Many patients who receive vincristine have a treatment regimen that includes other chemotherapy drugs that are administered intrathecally, or injected into the spinal fluid with a syringe. If vincristine is administered mistakenly into the spinal fluid, it is uniformly fatal, causing ascending paralysis, neurological defects, and eventually death.

In 2005, NCCN Chief Executive Officer Robert W. Carlson, MD, a medical oncologist, witnessed such a tragedy with a 21-year-old patient with Non-Hodgkin’s Lymphoma named Christopher Wibeto. Wibeto was transferred to Dr. Carlson’s care after receiving incorrectly administered vincristine at another hospital. Dr. Carlson watched the young man go from having a treatable condition to deteriorating and dying over the course of four days. Motivated by this tragic experience, Dr. Carlson spearheaded a national effort to address this deadly error when he arrived at NCCN, enlisting the help of its Best Practices Committee, which is dedicated to improving cancer treatment protocols.

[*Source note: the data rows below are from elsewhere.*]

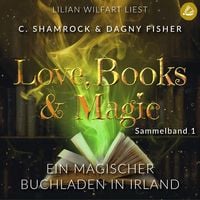 Bild vom Artikel Ein magischer Buchladen in Irland: Love, Books & Magic - Sammelband 1 (Sammelbände Love, Books & Magic) vom Autor C. Shamrock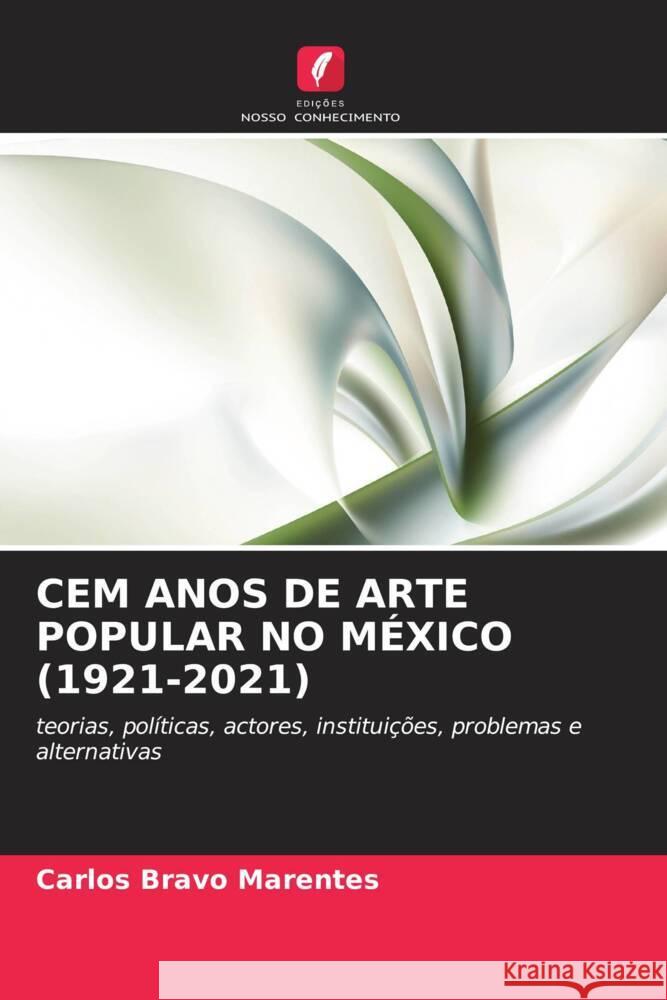 CEM ANOS DE ARTE POPULAR NO MÉXICO (1921-2021) Bravo Marentes, Carlos 9786206368793 Edições Nosso Conhecimento - książka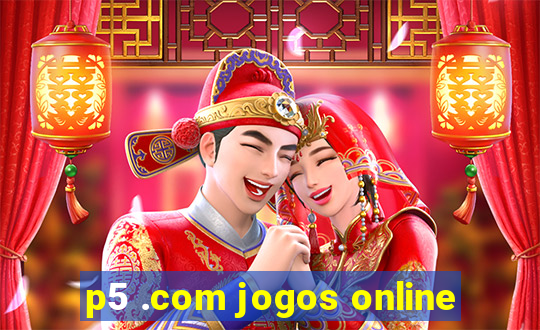 p5 .com jogos online
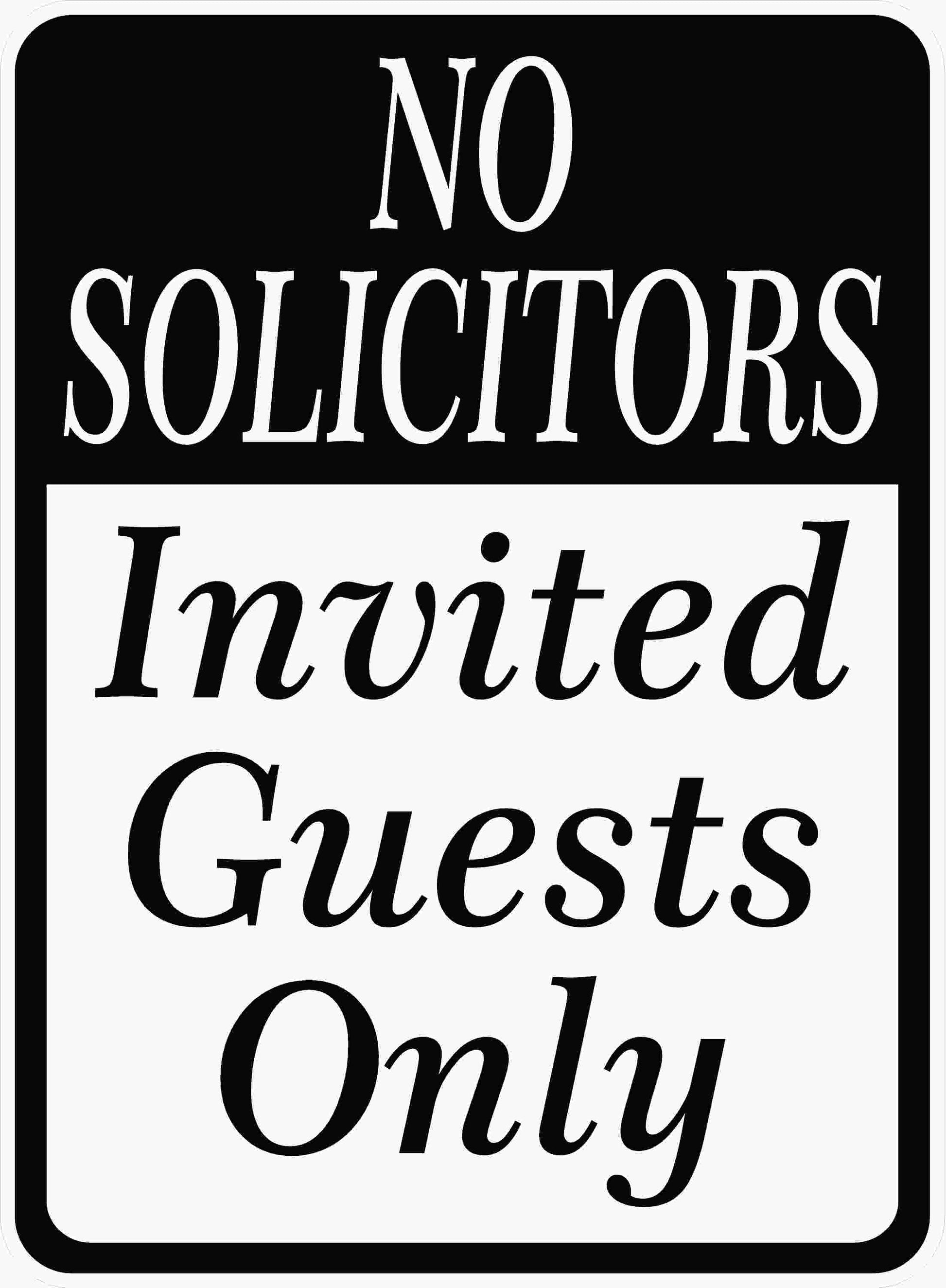 No Solicitors Invited Guests Only Sign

To ensure that vincristine is always administered properly, NCCN has issued guidelines and updated NCCN Chemotherapy Order Templates (NCCN Templates®) advising health care providers to always dilute and administer vincristine in a mini IV-drip bag and never use a syringe to administer the medication. This precaution renders it impossible to accidentally administer the medication into the spinal fluid and greatly decreases the chances of improper dosage.

“Every medical center, hospital, and oncology practice that makes the commitment to ‘Just Bag It’ takes an important step toward patient safety and ensures that this error will never happen again,” Dr. Carlson said. “Christopher’s memory inspires us to never give up telling his story and remaining vigilant for this cause.”  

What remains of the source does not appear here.